### TRY IT
This exercise calls for an exact copy of the listing, with no pictures kept.

### INFORMATION SHOWN
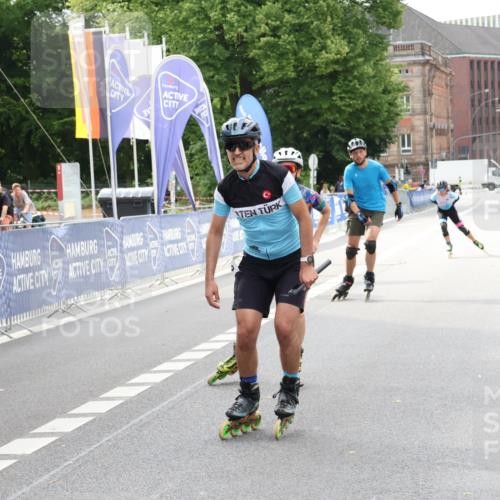 29.06.2025 - hella hamburg halbmarathon Strokosch-Dieckow http://msf.ph/oto/8181628 29.06.2025 09:22:50 Ziel 20105, 20439, 20499, 20500 meine-sportfotos.de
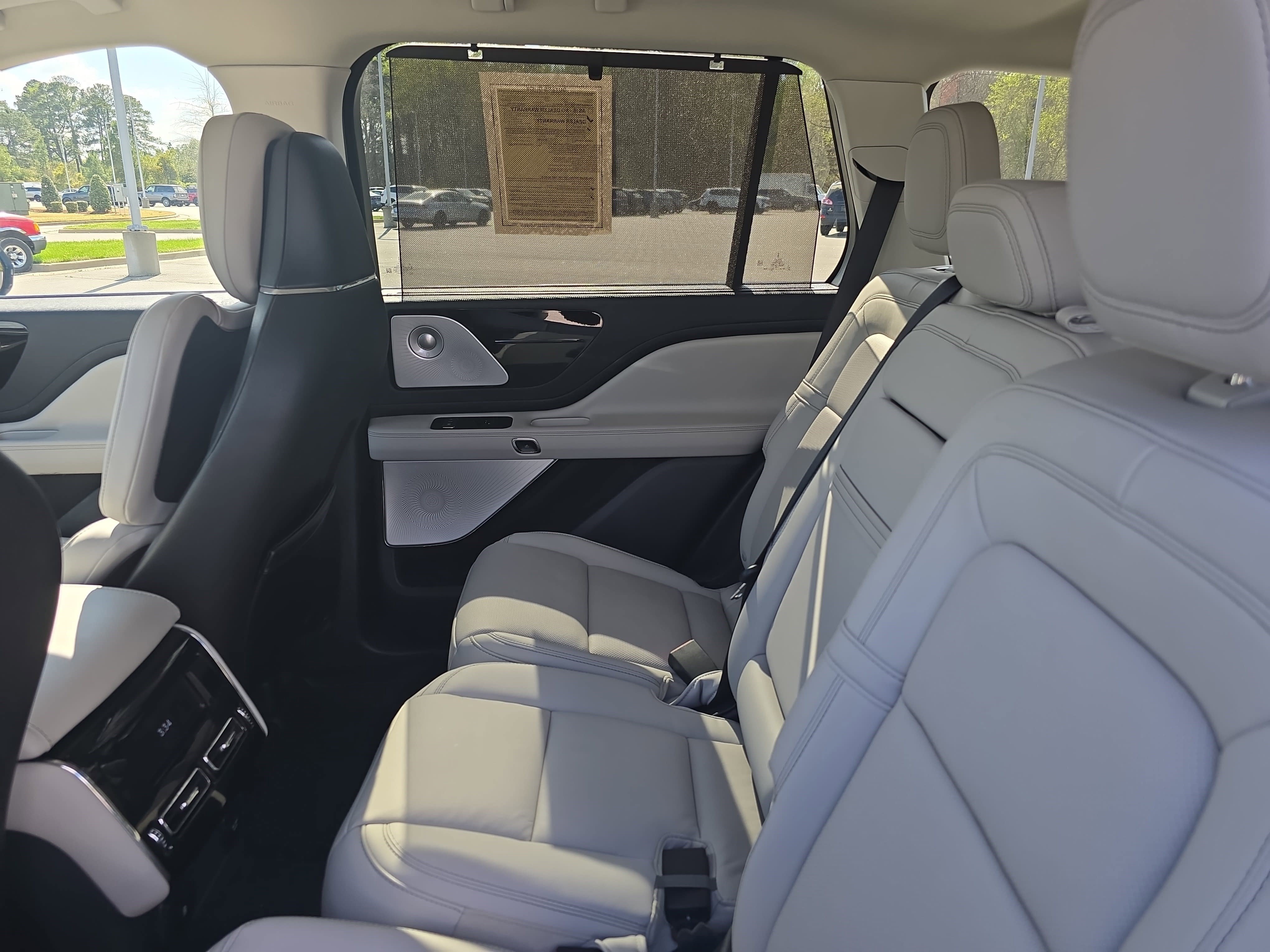 Certified 2025 Lincoln Aviator Reserve w/ Equipment Group 201A AWD/4WD image 13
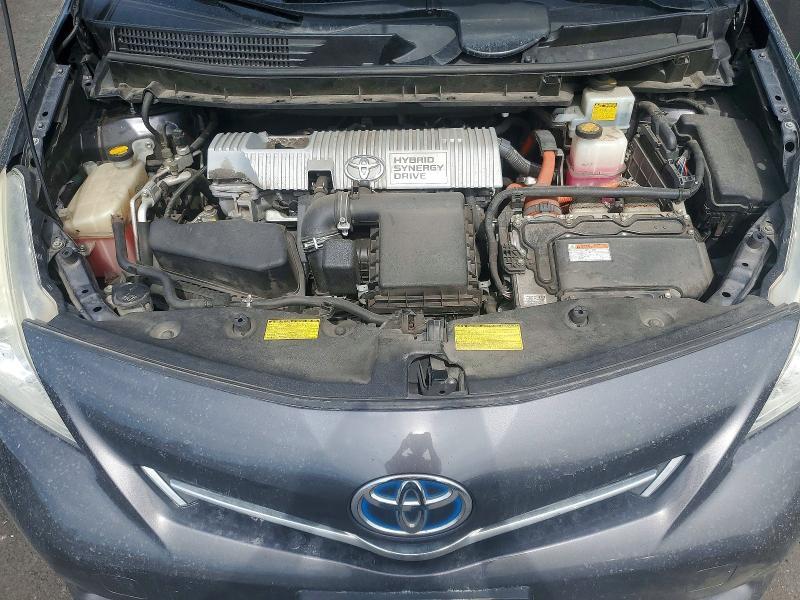 2014 Toyota Prius v Five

### OUTPUT FOR THIS EXERCISE
 29.06.2025 - hella hamburg halbmarathon Strokosch-Dieckow http://msf.ph/oto/8181628 29.06.2025 09:22:50 Ziel 20105, 20439, 20499, 20500 meine-sportfotos.de
 Certified 2025 Lincoln Aviator Reserve w/ Equipment Group 201A AWD/4WD image 13
 2014 Toyota Prius v Five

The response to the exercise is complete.